-- PROBLEM TO WORK ON --
Strip out all images, then restate the data verbatim.

--- THE RECORDS Enclosed Below ---

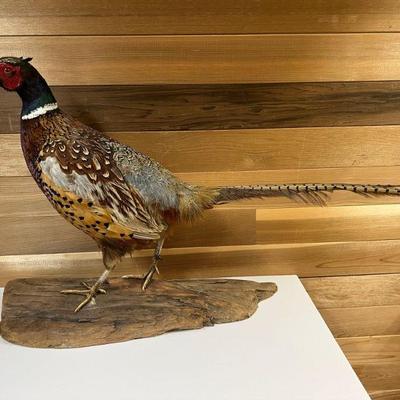 Ring Neck Pheasant - Taxidermy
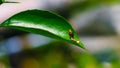 Rare photography, Caterpillar hood up to look like a snake. Macro photo of a caterpillar with black and yellow striped body.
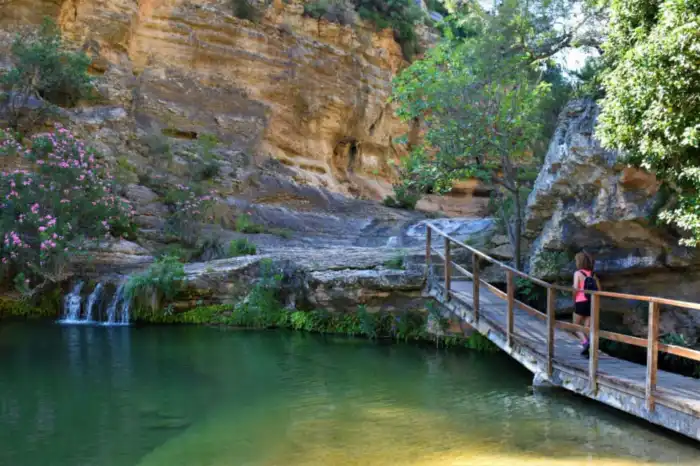 la canal de navarres valencia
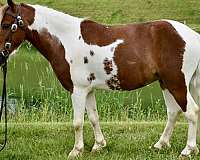 trick-trained-pony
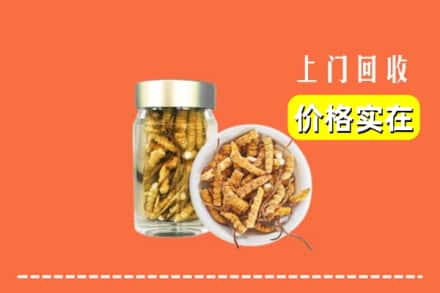 收购资讯:合肥市庐阳回收散虫草
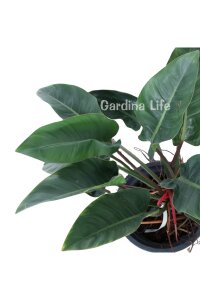 Red Congo Fidesi Philodendron  ( Philodendron Hederaceum ) - 4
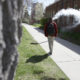 Vape culture loses steam on Westminster’s campus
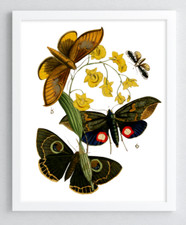 Butterfly Wall Art Print, Butterflies Print, Wall Art Decor, Nature Print 951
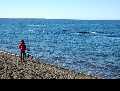 Patagonie: les baleines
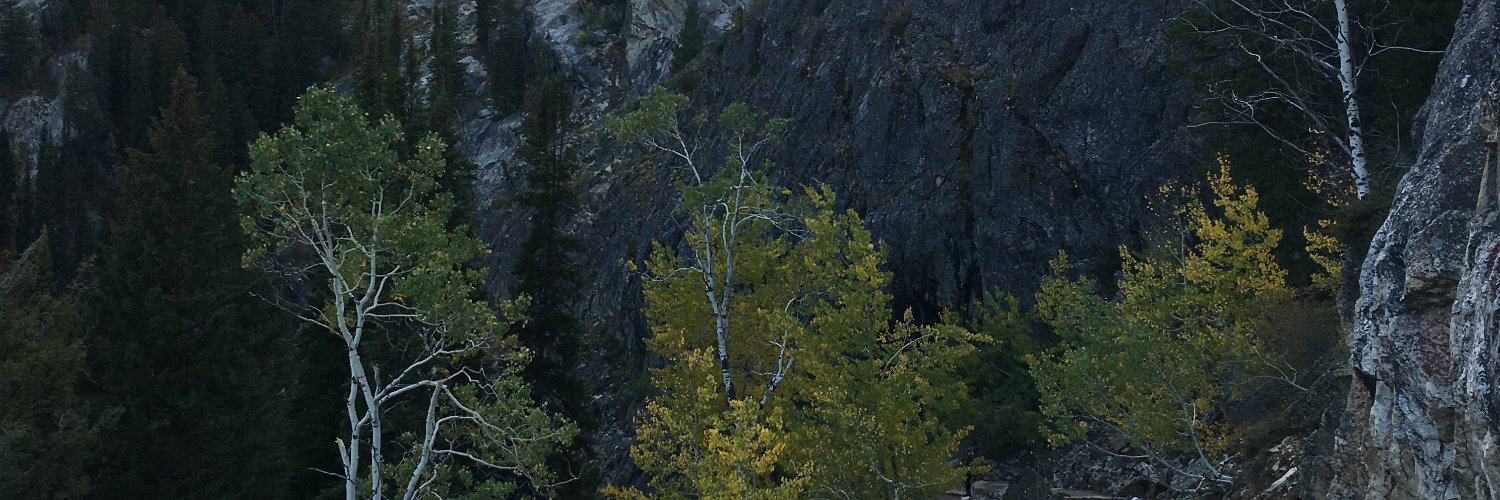 niklashage's profile banner image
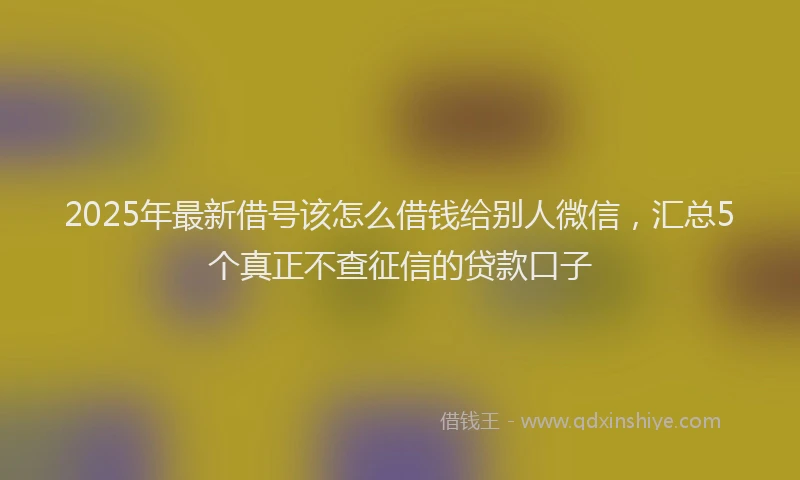 2025年最新借号该怎么借钱给别人微信，汇总5个真正不查征信的贷款口子
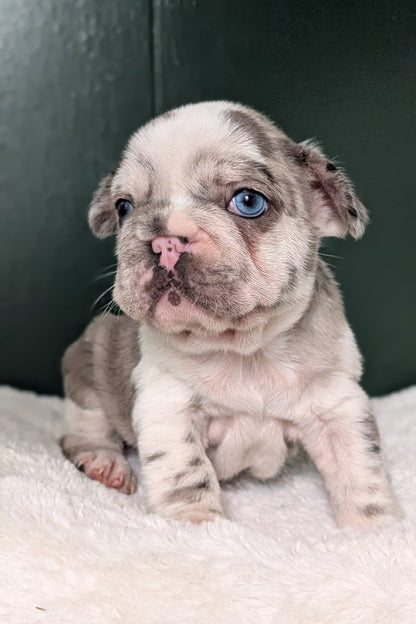 FRENCH BULLDOG (APR 03) FEMALE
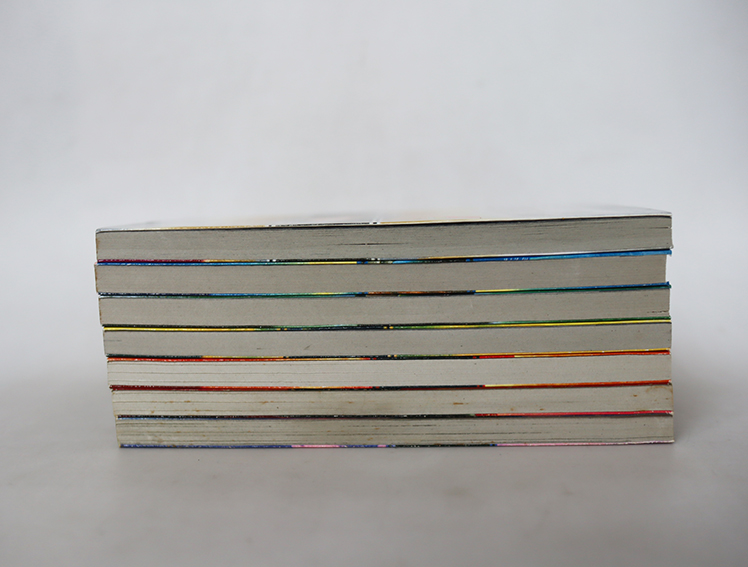 Midnight secretary มิดไนท์ เซคริเทอรี่ ( 7 เล่มจบ )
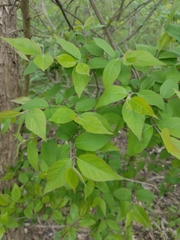 Lonicera maackii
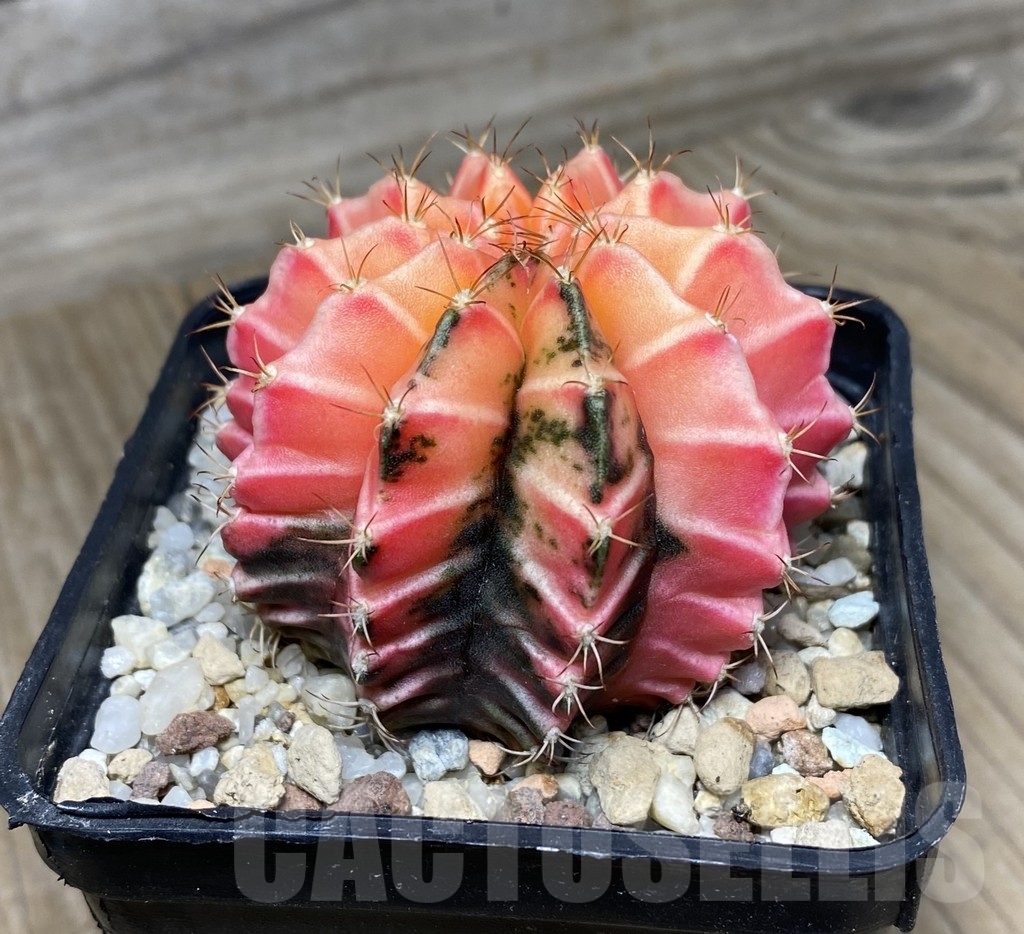 VVG18822 Gymnocalycium mihanovichii hybrid f. variegata, seedling – Bild 2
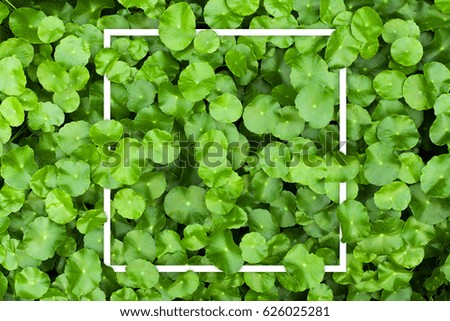 Square frame, Creative layout made with green leaves background. Blank for advertising card or invitation. Nature concept. Summer poster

--- End of Enclosed THE RECORDS ---

-- SOLUTION TO THIS EXERCISE --
 Ring Neck Pheasant - Taxidermy
 Rare photography, Caterpillar hood up to look like a snake. Macro photo of a caterpillar with black and yellow striped body.
 la canal de navarres valencia
 trick-trained-pony
 收购资讯:合肥市庐阳回收散虫草
 Red Congo Fidesi Philodendron  ( Philodendron Hederaceum ) - 4
 Vape culture loses steam on Westminster’s campus
 Butterfly Wall Art Print, Butterflies Print, Wall Art Decor, Nature Print 951
 Patagonie: les baleines
 niklashage's profile banner image
 2025年最新借号该怎么借钱给别人微信，汇总5个真正不查征信的贷款口子
 FRENCH BULLDOG (APR 03) FEMALE
 Midnight secretary มิดไนท์ เซคริเทอรี่ ( 7 เล่มจบ )
 Lonicera maackii
 VVG18822 Gymnocalycium mihanovichii hybrid f. variegata, seedling – Bild 2
 Square frame, Creative layout made with green leaves background. Blank for advertising card or invitation. Nature concept. Summer poster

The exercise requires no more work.